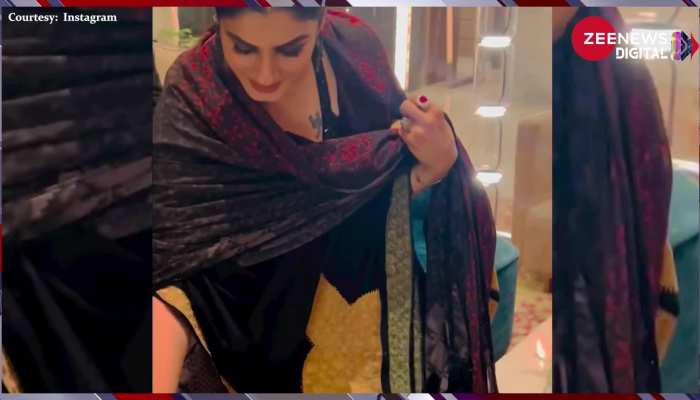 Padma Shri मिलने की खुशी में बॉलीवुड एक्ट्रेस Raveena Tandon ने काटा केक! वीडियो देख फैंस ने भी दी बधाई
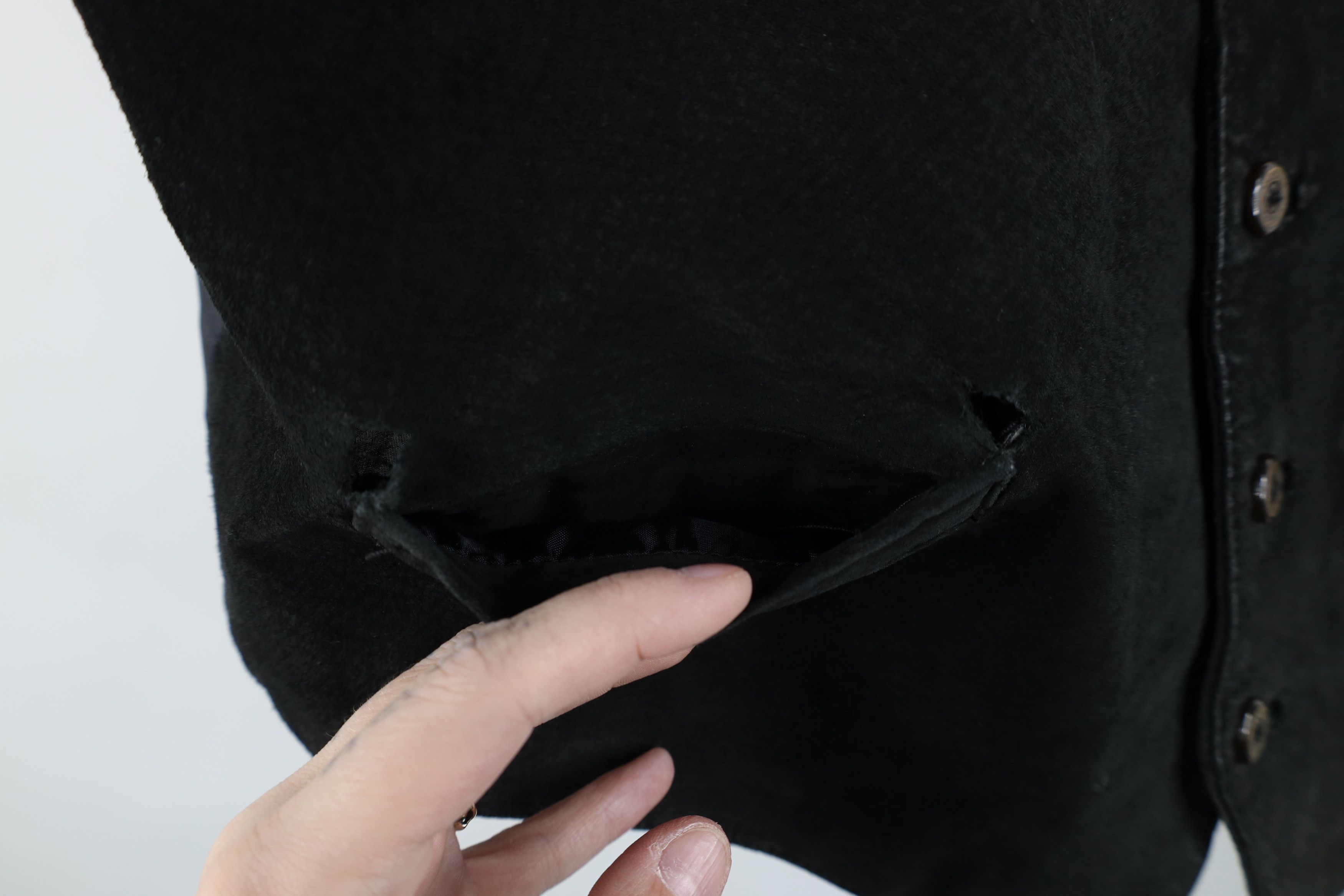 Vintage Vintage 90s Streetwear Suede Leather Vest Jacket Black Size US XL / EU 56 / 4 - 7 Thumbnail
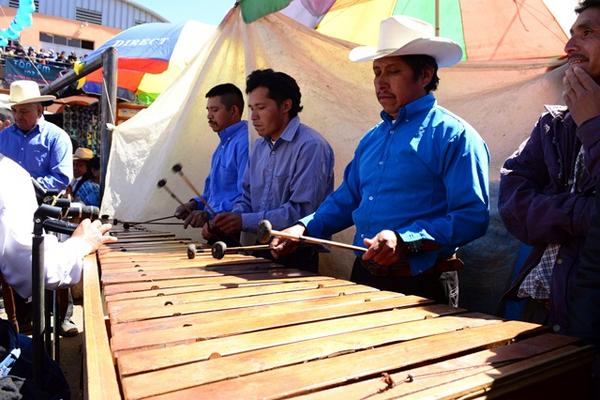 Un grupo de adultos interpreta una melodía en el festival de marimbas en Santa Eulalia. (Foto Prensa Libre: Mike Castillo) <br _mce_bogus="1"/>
+---+
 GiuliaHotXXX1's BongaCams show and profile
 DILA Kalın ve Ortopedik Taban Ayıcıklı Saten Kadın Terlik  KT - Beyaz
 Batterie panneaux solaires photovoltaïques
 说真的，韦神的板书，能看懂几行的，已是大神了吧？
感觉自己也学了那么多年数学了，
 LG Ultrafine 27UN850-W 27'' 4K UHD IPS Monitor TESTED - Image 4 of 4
+---+
* Task brief
Print, without alteration, only the lines above between the one holding "GiuliaHotXXX1's BongaCams show and profile" and the one holding "LG Ultrafine 27UN850-W", inclusive.

* Exercise solution
 GiuliaHotXXX1's BongaCams show and profile
 DILA Kalın ve Ortopedik Taban Ayıcıklı Saten Kadın Terlik  KT - Beyaz
 Batterie panneaux solaires photovoltaïques
 说真的，韦神的板书，能看懂几行的，已是大神了吧？
感觉自己也学了那么多年数学了，
 LG Ultrafine 27UN850-W 27'' 4K UHD IPS Monitor TESTED - Image 4 of 4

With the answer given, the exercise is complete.